The relationship between Taylor and Alimta actually started in the late 1940s during his doctoral thesis at Cornell when he was researching the molecular composition of those butterfly wings, luring him into the field of heterocyclic chemistry and the complex ring systems within it.
He joined the Princeton staff in 1954, but he didn’t focus on cancer chemotherapy until the mid-70s, always retaining his original fascination with certain molecular structures and folate-dependent enzymes.
Eventually, he created a compound in the lab which blossomed into one of the most active anti-tumor agents ever uncovered, awakening a once ordinary relationship with Lilly. It was Lilly, through extensive testing, that showed convincingly the compound killed tumor cells by blocking biosynthesis within cells.
“It was like getting a bear by the tail,” Taylor said. “Suddenly, this became extraordinarily exciting.

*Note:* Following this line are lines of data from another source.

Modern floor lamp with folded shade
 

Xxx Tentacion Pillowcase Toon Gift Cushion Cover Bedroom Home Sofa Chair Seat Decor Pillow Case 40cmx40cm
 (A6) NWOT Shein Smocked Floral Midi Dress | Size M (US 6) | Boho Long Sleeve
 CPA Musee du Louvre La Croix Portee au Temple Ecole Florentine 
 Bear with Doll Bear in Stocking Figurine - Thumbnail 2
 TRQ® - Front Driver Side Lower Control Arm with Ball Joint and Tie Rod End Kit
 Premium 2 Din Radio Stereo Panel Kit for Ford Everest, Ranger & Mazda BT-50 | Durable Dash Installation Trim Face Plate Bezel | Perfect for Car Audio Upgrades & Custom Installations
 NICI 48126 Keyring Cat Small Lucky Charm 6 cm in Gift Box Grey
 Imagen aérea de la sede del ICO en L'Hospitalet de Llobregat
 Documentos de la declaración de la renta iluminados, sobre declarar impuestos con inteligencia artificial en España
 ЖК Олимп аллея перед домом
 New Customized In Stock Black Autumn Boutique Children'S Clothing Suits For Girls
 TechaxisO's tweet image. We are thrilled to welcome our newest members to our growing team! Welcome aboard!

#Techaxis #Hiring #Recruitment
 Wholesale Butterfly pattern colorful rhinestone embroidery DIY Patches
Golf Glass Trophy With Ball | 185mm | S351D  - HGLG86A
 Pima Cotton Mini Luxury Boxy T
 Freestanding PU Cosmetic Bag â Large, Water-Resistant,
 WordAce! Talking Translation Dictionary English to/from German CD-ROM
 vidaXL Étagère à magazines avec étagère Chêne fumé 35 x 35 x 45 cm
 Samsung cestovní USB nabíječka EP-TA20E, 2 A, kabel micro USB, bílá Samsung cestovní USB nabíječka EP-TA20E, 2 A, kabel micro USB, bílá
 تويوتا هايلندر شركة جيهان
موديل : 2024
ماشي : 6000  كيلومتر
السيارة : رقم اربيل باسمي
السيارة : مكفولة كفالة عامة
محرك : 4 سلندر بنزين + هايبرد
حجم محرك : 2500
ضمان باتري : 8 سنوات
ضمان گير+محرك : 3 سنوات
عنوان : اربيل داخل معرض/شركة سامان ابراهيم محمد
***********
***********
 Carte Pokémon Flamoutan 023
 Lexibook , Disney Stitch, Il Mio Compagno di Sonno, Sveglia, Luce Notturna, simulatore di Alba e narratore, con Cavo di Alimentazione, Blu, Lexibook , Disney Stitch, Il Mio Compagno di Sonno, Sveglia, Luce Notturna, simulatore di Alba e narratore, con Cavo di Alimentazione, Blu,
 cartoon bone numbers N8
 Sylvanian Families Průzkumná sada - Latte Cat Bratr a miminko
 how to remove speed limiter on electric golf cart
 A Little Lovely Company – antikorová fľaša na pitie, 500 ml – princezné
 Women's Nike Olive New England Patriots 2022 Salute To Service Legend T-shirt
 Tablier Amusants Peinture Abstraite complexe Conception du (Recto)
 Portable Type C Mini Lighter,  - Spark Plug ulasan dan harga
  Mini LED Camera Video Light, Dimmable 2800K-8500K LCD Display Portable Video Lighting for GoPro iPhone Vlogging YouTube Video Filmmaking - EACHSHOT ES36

All these years, I kept getting diverted because you never knew if anything would come from it. But now we knew something was happening. It was totally unexpected.”
Taylor believes the future of cancer research and the next big breakthrough is dependent upon the right kind of collaboration and a coming together of many diverse fields that produce totally new concepts.
“It’s not an area that lacks investigation, but someone has to put it all together, a kind of mental synthesis, maybe in a way that’s never been investigated before, perhaps from an area we haven’t even dreamed of yet,” he said. “You never know where it will come from. I didn’t know my idea was any good, at first. I was looking at the pigment in butterfly wings.”